From the outside, the bakery looks almost too gentle for the neighborhood it sits in. I know that because I see it every morning from the upstairs apartment window. The building is small, squeezed between two older brick storefronts that have clearly seen better decades. Their windows are dusty, their signs faded or flickering. Paint curls away from the walls like tired skin.

The bakery is different.

The walls are painted a soft cream color. The paint is a little weathered, but I keep it clean. Dark wooden trim frames the front windows, polished enough to catch the glow of street lamps at night. Above the door hangs the wooden sign I carved years ago. The letters aren't perfect. They lean slightly in places, the way hand-carved things tend to do.

Hearthlight Bakery.

At night, the window glows with warm golden light, soft and inviting. In a district full of neon signs, dim alleyways, and flickering lamps, the bakery ends up looking like a lantern. Lights spill onto the sidewalk whenever the door opens. If there's flour in the air, and there almost always is flour in the air, it drifts through that light like slow falling snow. People slow down when they pass. Some of them come inside. Most mornings begin the same way.

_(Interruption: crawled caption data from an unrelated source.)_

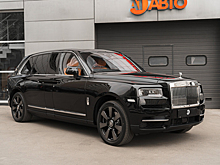 Удлиненный Rolls-Royce Cullinan продают в России за 92 млн рублей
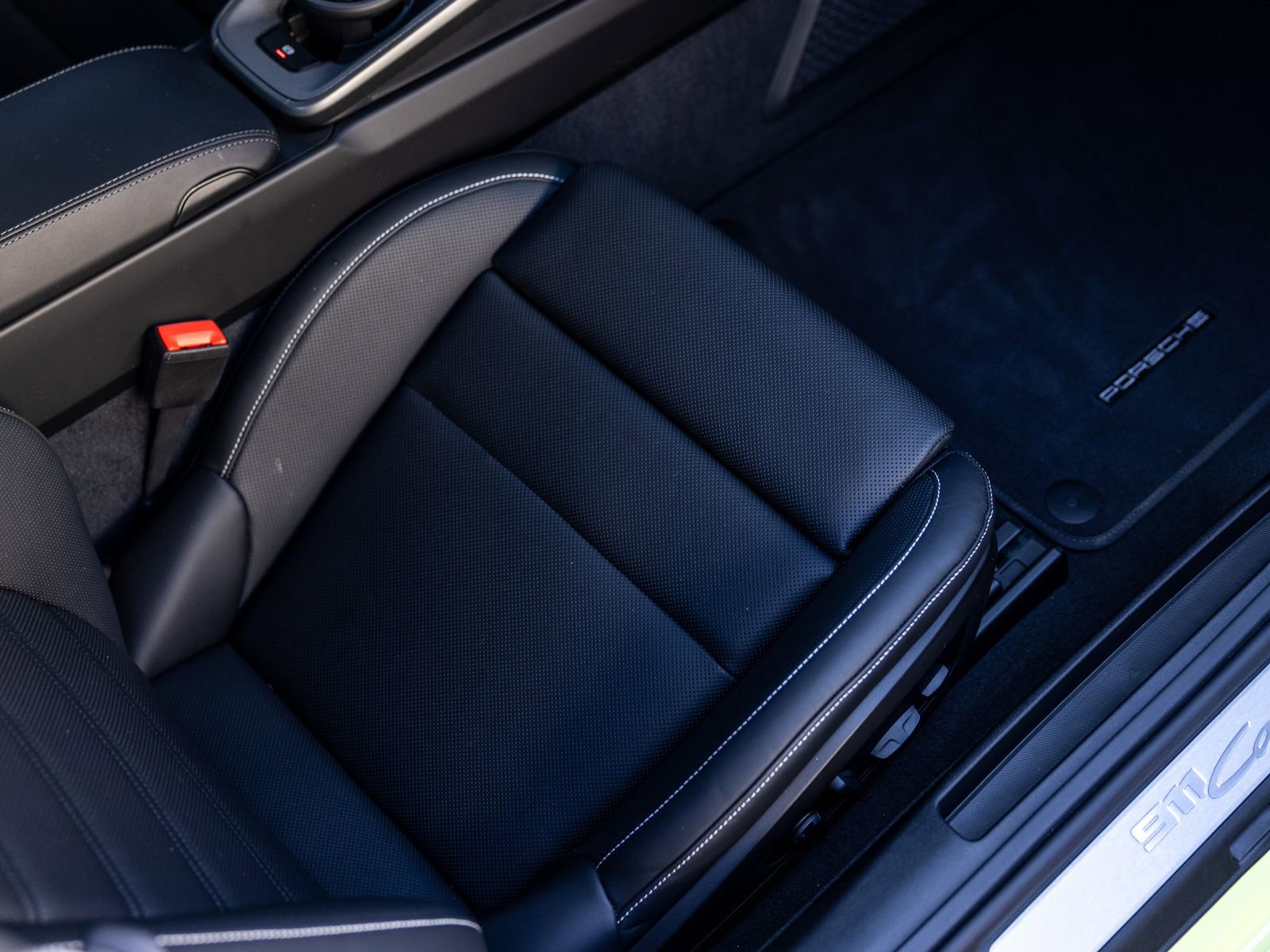 Certified 2025 Porsche 911 Carrera image 32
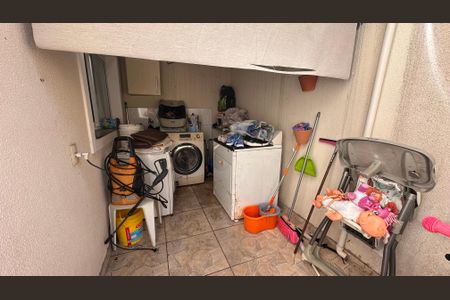 Casa à venda com 3 quartos, 84m² em Jardim Sabara, São Paulo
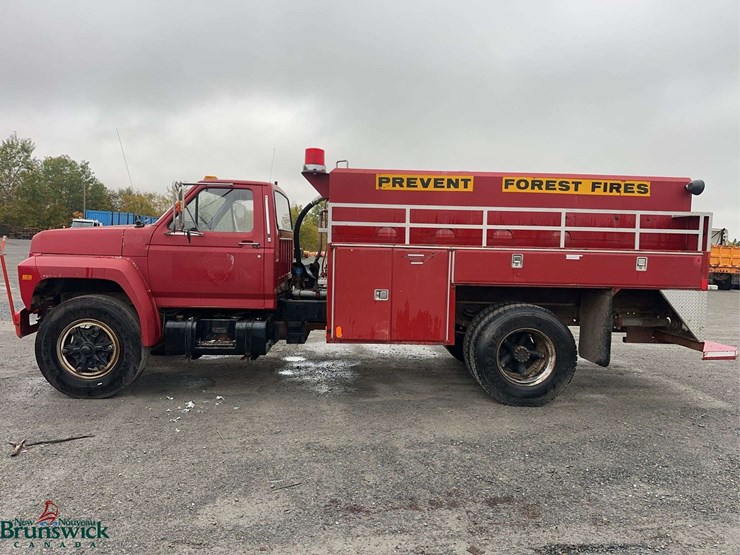 1986-ford-f700-image-8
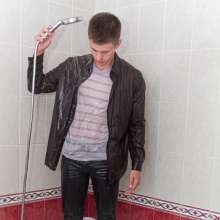 Wet Live Team: Ruslan and His Elegant Wet Look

I pull on my boots, grab my keys from the table, and head downstairs. The staircase creaks like it always does, announcing every step whether I want it to or not. The bakery waits at the bottom. The hinges creaked softly as I stepped inside and flipped on the lights. Warm yellow bulbs lit the room, revealing wooden shelves, glass pastry cases, and the long counter that had probably absorbed more flour than the rest of the building combined.

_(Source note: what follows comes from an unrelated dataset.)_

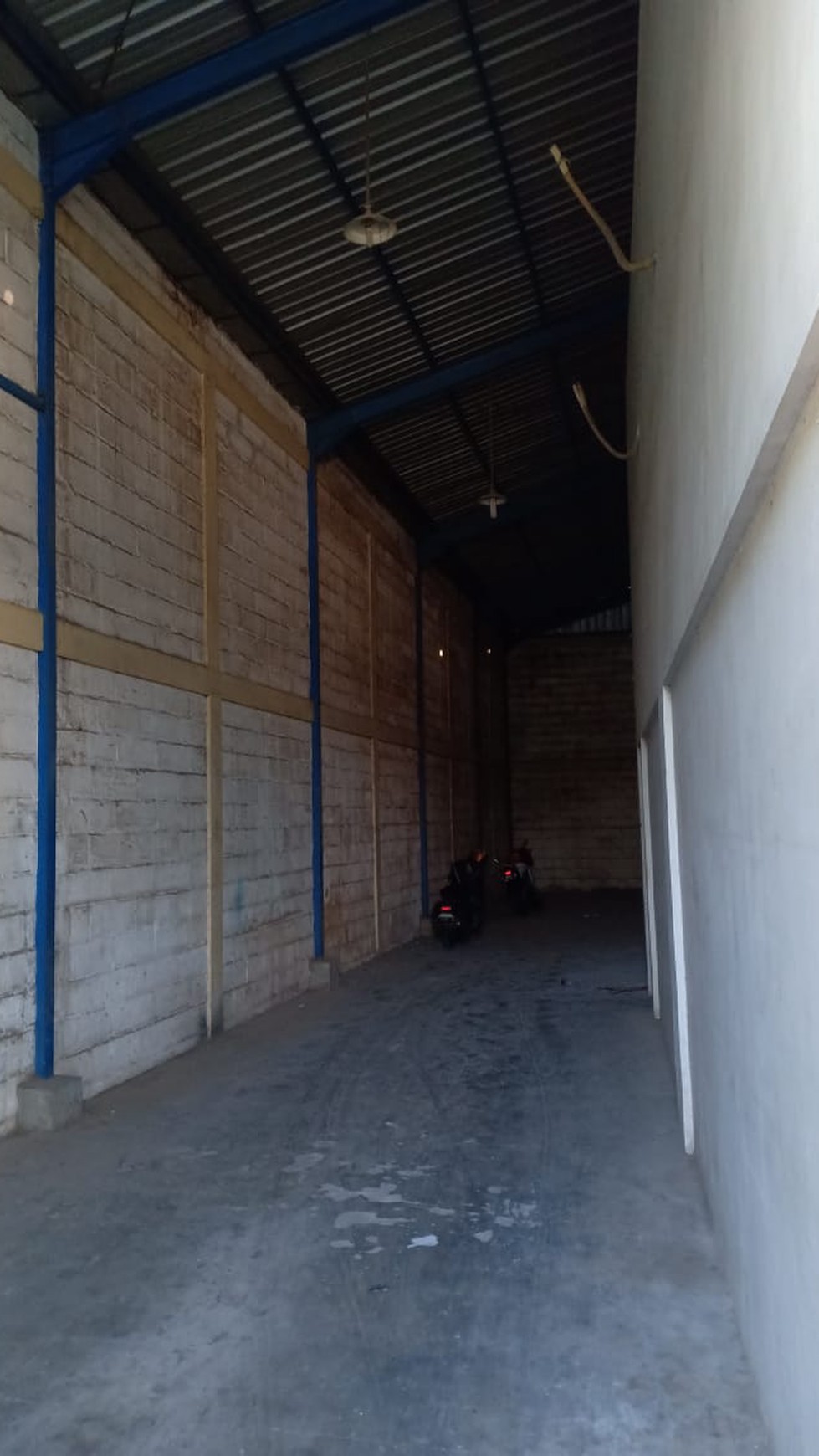 Ruko disewakan Raya Lontar Surabaya Bangunan multifungsi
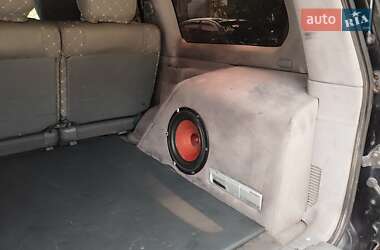 Внедорожник / Кроссовер Lexus LX 2000 в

The smell hit me immediately.

Yeast.

Sugar.

Cinnamon.

Yesterday's bread is lingering in the woods. Some people need coffee to wake up. I need that smell.

"Morning," I muttered to the empty room.

Talking to the bakery isn't strange if you do it long enough. The place has heard most of my thoughts anyway. My name is Ansel Hart, and this bakery is my entire world. Most people's first impression of me isn't great. I've noticed that strangers tend to move aside when I walk down the street. Not aggressively. Just a quiet shift of space, like people stepping out of the way of something heavy.

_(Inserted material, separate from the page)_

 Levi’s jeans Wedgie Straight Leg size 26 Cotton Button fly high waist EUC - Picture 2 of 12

I'm tall enough to notice door frames and broad enough that narrow hallways become a shared problem. Years ago, someone told me I looked like a guy who should be breaking things for a living instead of baking bread. The scars probably help reinforce that impression. There's one across my cheek and another smaller near my brow. Nothing dramatic, but enough that people's eyes catch on them for a second.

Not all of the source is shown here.